### Task details
Below are some records. Set down exactly the line holding "Go to the Effects" and every later line through the end, omitting the pictures.

'''

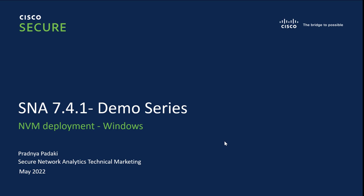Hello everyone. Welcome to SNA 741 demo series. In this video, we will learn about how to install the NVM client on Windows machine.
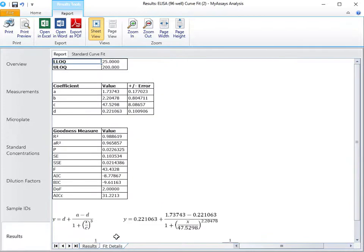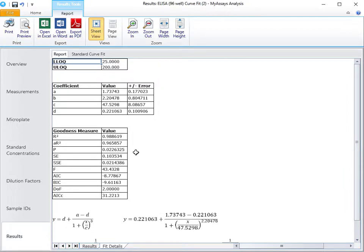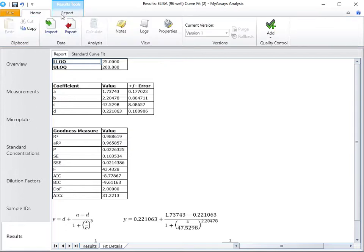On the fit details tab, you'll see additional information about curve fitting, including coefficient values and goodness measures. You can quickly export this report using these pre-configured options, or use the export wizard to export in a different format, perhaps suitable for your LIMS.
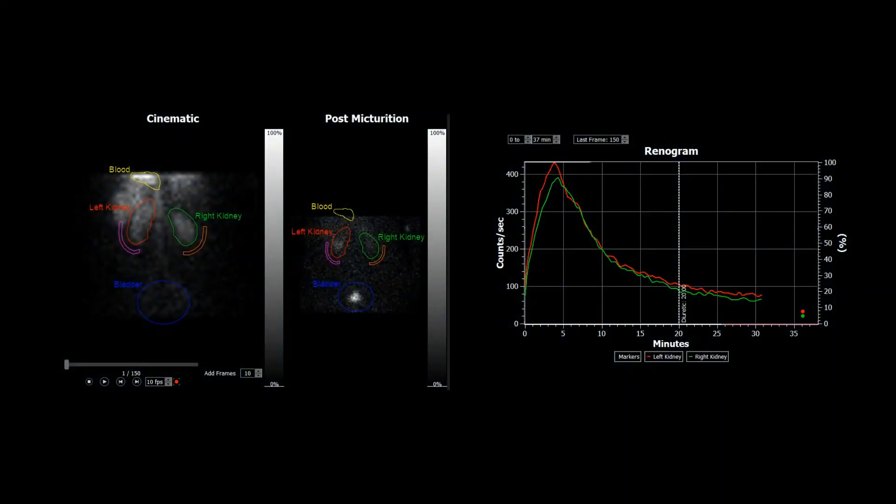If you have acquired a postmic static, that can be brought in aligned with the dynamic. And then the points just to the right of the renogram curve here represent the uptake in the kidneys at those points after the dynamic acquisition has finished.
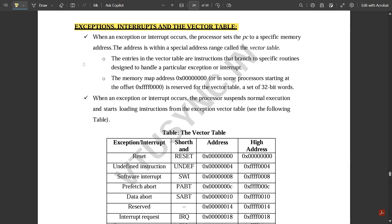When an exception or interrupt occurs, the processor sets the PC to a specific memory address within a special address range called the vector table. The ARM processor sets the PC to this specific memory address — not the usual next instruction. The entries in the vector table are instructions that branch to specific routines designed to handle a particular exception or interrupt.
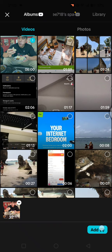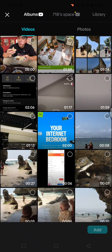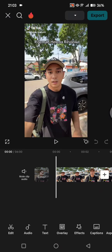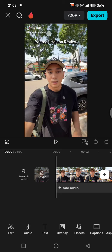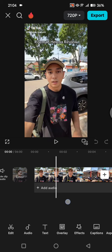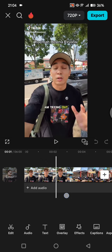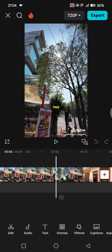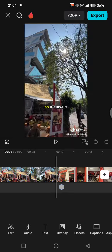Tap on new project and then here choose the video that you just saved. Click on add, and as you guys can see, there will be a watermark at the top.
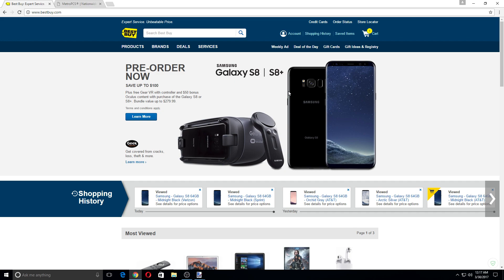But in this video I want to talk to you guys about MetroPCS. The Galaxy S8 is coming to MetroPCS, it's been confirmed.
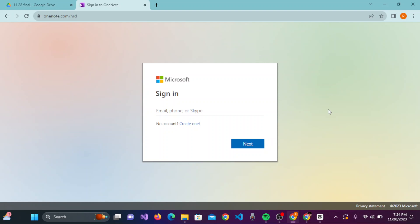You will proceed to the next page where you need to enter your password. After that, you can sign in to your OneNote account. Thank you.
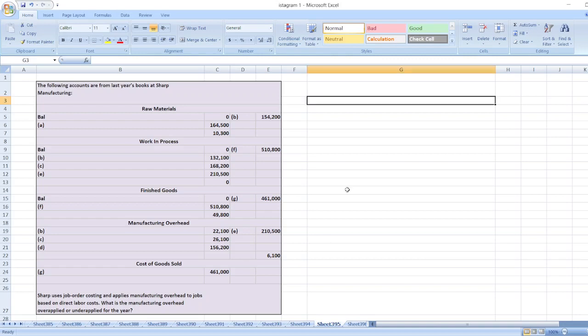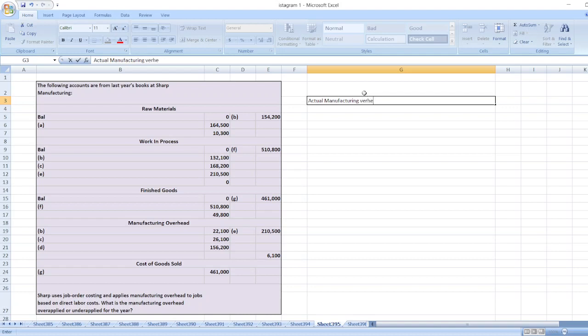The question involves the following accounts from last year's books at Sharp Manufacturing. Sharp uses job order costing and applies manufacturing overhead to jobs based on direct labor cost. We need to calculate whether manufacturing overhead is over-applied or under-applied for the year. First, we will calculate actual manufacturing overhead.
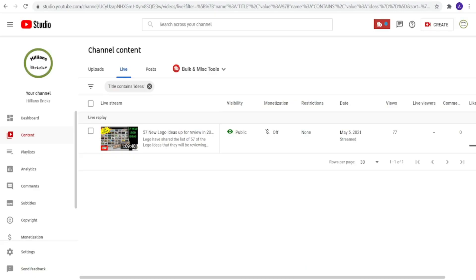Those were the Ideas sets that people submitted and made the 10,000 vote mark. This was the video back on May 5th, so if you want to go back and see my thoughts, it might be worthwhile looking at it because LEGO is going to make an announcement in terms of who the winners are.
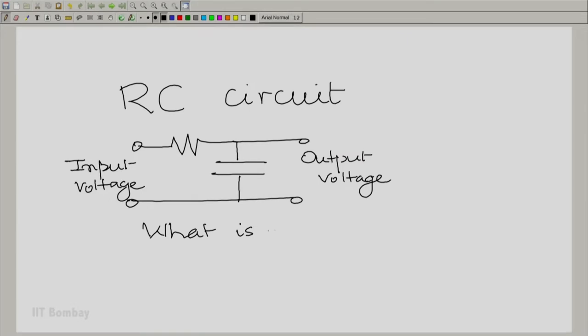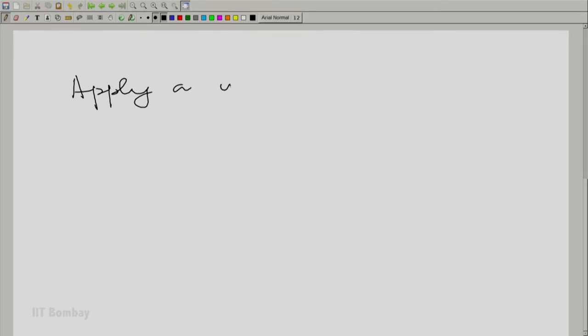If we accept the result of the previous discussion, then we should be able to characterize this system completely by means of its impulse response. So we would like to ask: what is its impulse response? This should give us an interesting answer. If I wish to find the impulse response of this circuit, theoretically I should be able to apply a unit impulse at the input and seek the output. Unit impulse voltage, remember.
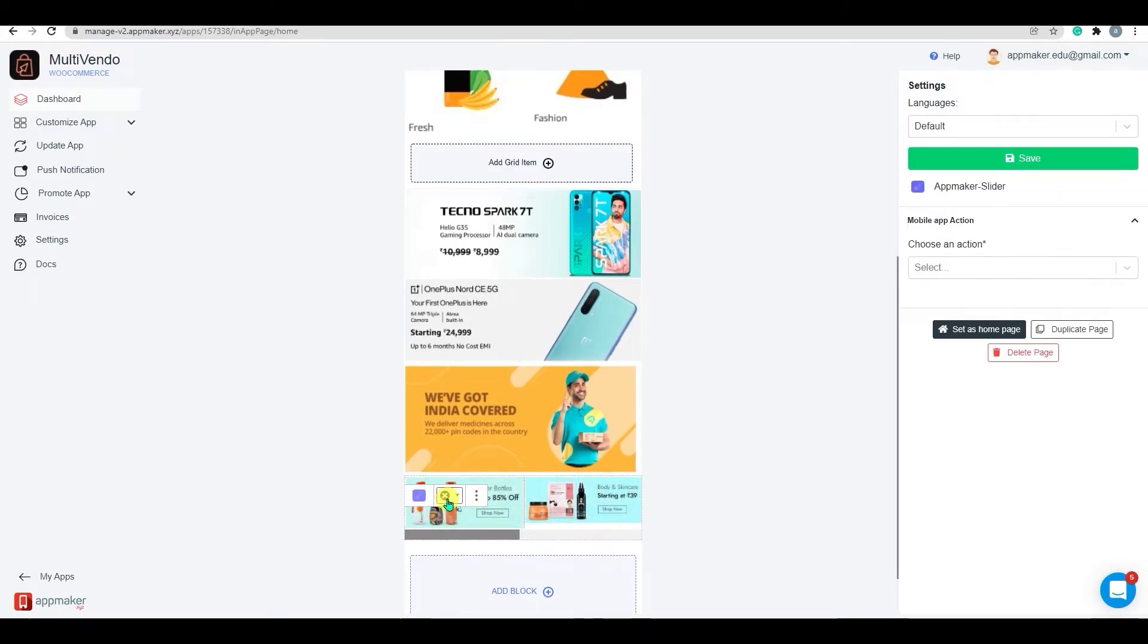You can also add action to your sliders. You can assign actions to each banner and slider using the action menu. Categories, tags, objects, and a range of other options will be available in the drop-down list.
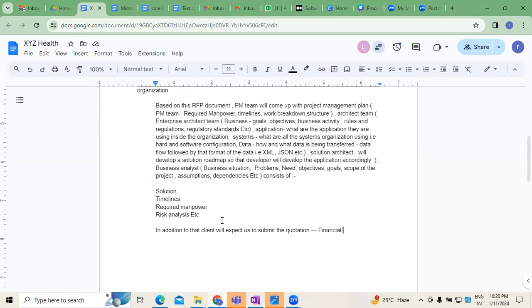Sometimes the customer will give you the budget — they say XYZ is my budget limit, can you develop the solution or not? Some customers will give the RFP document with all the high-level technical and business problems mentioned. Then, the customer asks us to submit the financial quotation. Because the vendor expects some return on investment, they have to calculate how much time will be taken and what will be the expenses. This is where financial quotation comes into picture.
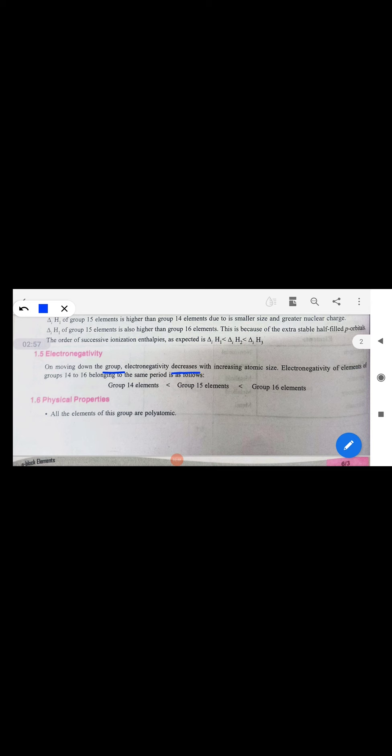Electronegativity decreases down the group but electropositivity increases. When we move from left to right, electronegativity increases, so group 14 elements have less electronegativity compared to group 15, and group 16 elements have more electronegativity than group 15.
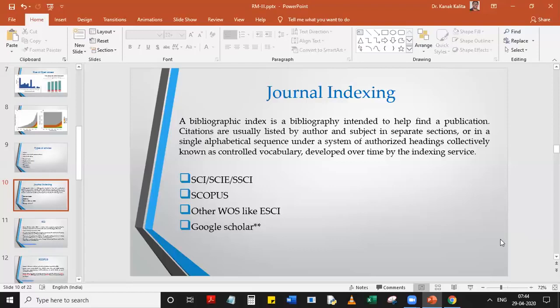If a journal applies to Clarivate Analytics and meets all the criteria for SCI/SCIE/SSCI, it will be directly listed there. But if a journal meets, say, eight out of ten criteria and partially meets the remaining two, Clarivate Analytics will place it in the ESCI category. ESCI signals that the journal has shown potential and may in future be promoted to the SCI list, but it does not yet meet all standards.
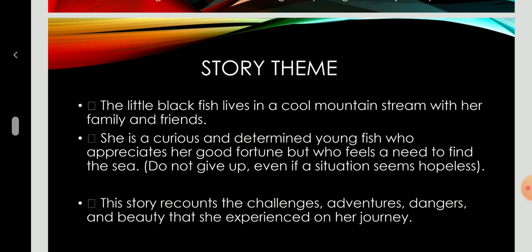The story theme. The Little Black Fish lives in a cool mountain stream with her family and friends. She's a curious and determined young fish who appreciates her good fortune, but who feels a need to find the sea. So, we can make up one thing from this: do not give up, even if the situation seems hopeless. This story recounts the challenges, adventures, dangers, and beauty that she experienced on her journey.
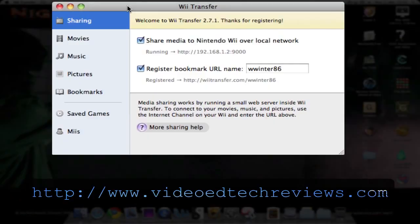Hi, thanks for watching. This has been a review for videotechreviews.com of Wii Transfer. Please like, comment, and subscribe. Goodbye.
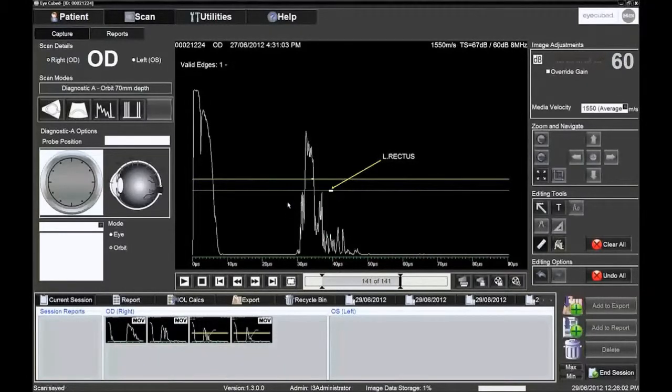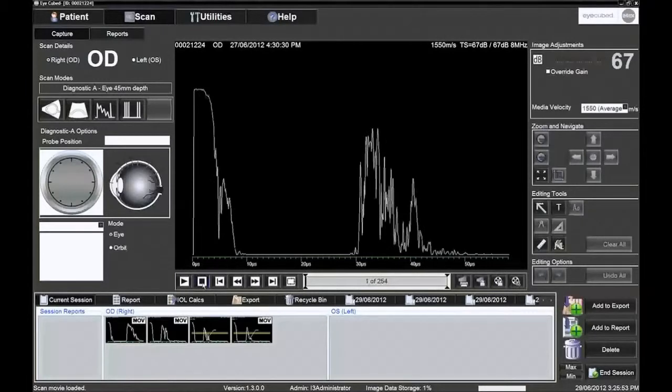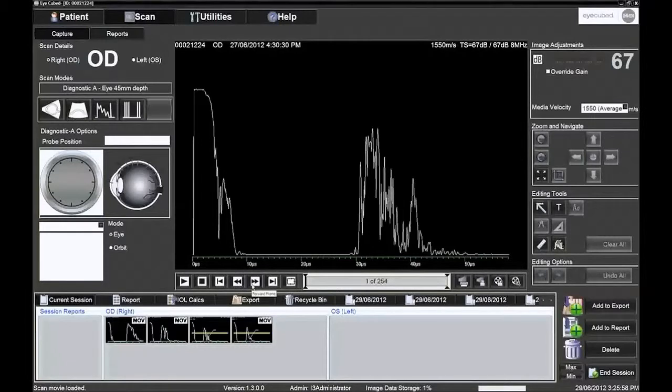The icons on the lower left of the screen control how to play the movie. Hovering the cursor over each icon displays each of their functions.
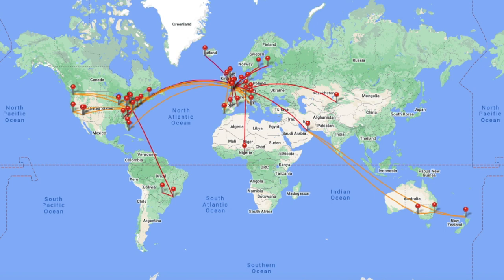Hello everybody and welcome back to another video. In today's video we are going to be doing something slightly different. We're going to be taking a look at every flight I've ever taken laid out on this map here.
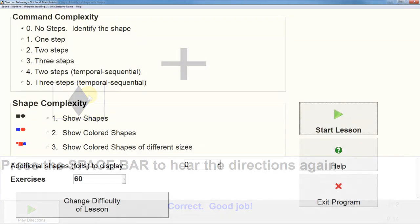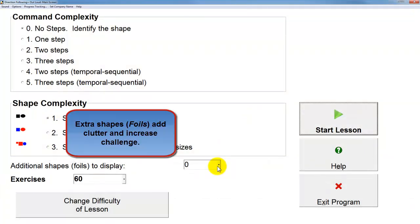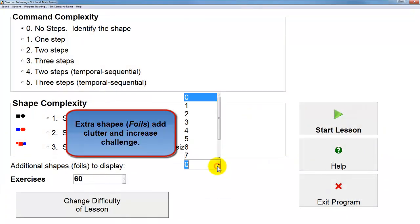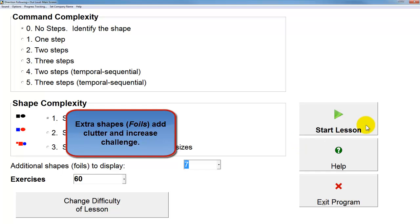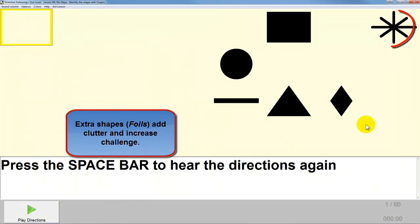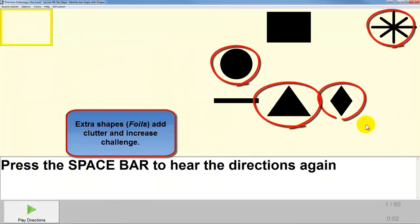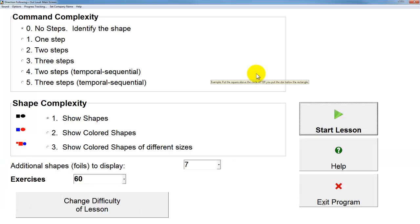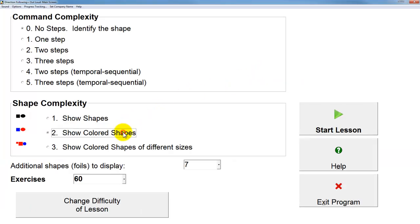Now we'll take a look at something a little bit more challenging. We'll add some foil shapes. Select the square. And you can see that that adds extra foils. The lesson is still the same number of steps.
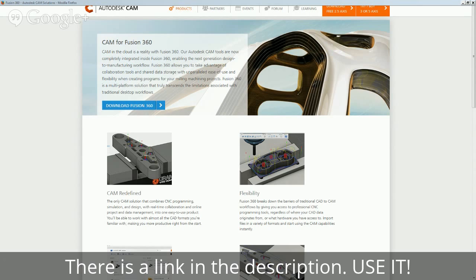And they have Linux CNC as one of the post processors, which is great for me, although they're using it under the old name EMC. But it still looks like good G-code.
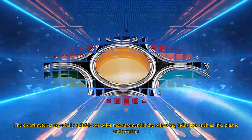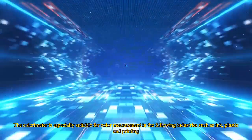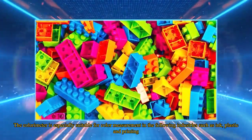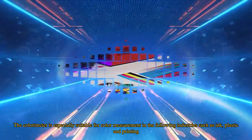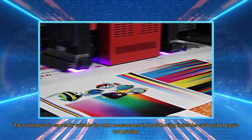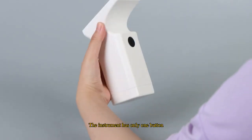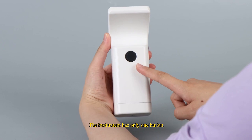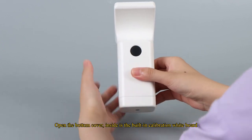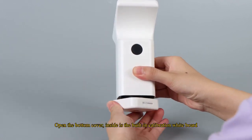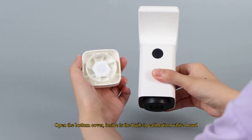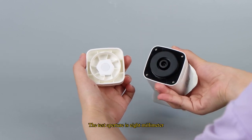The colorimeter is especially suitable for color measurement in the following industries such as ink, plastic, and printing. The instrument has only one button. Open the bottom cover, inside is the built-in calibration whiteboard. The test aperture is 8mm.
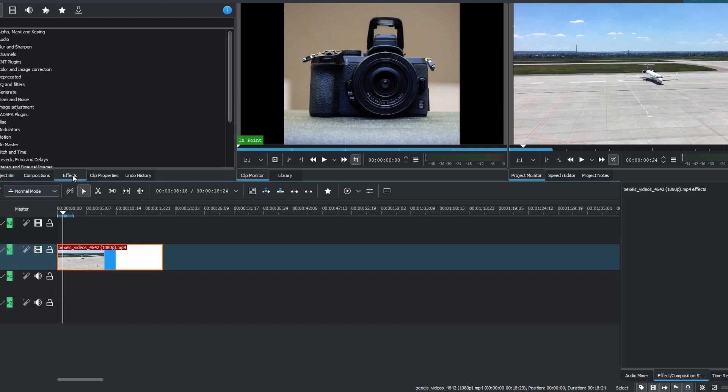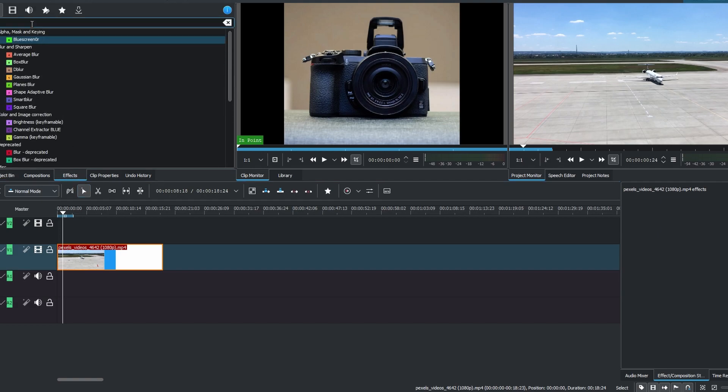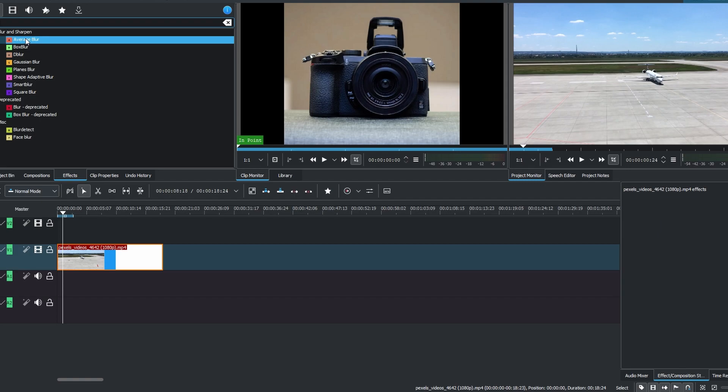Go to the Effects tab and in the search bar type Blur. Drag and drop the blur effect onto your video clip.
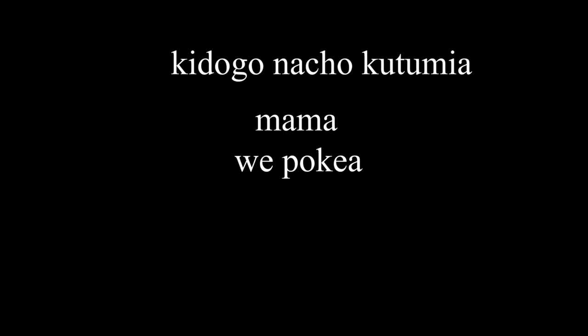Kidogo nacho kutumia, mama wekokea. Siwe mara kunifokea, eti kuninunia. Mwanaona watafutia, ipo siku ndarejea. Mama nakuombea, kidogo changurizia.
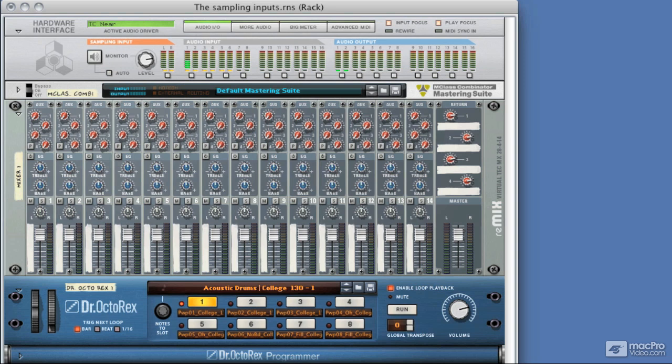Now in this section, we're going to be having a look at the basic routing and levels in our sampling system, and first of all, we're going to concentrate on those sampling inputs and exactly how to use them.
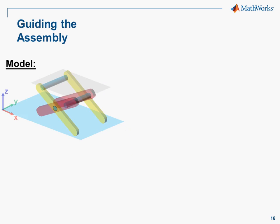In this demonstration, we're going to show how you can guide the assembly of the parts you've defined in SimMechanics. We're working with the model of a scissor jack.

'''

### Solution
Go to the Effects tab and in the search bar type Blur. Drag and drop the blur effect onto your video clip.
Kidogo nacho kutumia, mama wekokea. Siwe mara kunifokea, eti kuninunia. Mwanaona watafutia, ipo siku ndarejea. Mama nakuombea, kidogo changurizia.
Now in this section, we're going to be having a look at the basic routing and levels in our sampling system, and first of all, we're going to concentrate on those sampling inputs and exactly how to use them.
In this demonstration, we're going to show how you can guide the assembly of the parts you've defined in SimMechanics. We're working with the model of a scissor jack.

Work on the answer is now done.